Perguntaram-me se tiraria do dedo a tua aliança.
Revoltou-me a questão. Revoltou-me e não consegui dar voz a mais palavras senão a um “não” praticamente mudo. Parecia-me tão evidente a resposta que um só “não”, seguro de si, seria mais do que suficiente para ela.
Não que alguma parte disto seja simples, mas quando o que se vive é assim tão genuíno, tão intenso e tão suado que ainda hoje me dá arrepios, a aliança é uma tatuagem que se grava a ferro em brasa no corpo e que vive como uma extensão de nós. É como se o metal se fundisse connosco e nos desse a beber diariamente a energia de tudo o que aos poucos construímos, em conjunto, em torno dele. O bom e o mau. O agradável e o desagradável. O fácil e o difícil. As virtudes e os defeitos. As convergências e as divergências. A paz e a discussão. Os silêncios e os clamores. As vitórias e as derrotas. Os sucessos e os fracassos. O erro e a aprendizagem. O desequilíbrio equilibrado.
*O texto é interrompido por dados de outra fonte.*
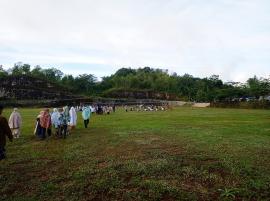 Shalat Idul Fitri 1447 H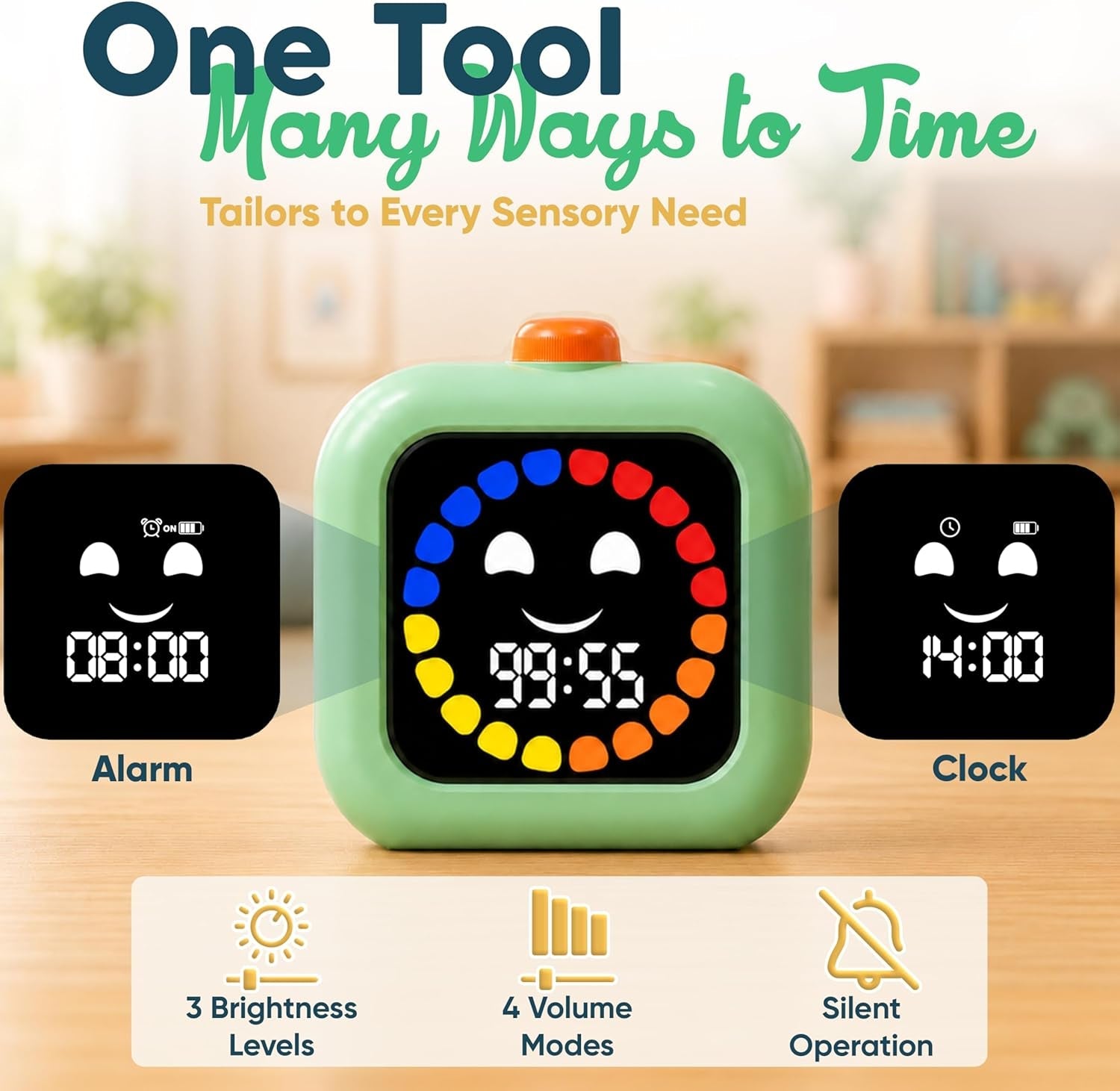 digital-visual-timer-for-kids-calmer-routines-transitions-silent-rechargeable-99-min-clock-alarm-countdown-count-up-for-classroom-home-therapy-builds-focus-independence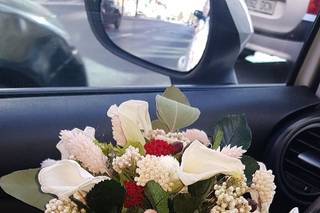 Floristería Gemma Benalua - 9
As viagens de veleiro por esse mundo fora, à descoberta de mares e terras incógnitos. Um lar erguido orgulhosamente pedra sobre pedra, forjado a suor e lágrimas. Os jantares a dois. As lágrimas substituídas por sorrisos quando trouxemos ao mundo a primeira criança. E a segunda e a terceira. Os jantares a cinco. Os primeiros passos, as primeiras asneiras. As primeiras cabeçadas na esquina do móvel do corredor, volta e meia, e os primeiros sacos de gelo na testa deles até se me congelarem os dedos, o punho e meio antebraço. O ensino, a educação. As primeiras derrotas deles, as primeiras quedas e os primeiros triunfos. O cão. Os jantares a seis. As almoçaradas no quintal. As correrias. O cão fazendo de cavalo. As roupas sujas de lama. O primeiro impacto da faculdade. As namoradas. O primeiro casamento. O segundo e o terceiro, quase de seguida. Os netos.
Escrevemos uma história juntos. A tinta incerta, é certo, por esses milhares de páginas brancas que fomos preenchendo sem tremer. E como todas as histórias, não existe exactamente um fim. Há sempre um lugar reservado para a nossa imaginação; para definirmos para nós o que sucedeu para lá das últimas palavras escritas. É aí que nos permitimos voar e é aí que estou. É aí que estamos. É aí que a nossa aliança rodopia e vibra incessantemente. É que há coisas que nada na Vida, mesmo algo tão definitivo, tão perene e tão voraz como a morte, apagam ou destroem.
Podia continuar. Podia falar e não me calar mais hoje. Mas optei pelo “não” solteiro.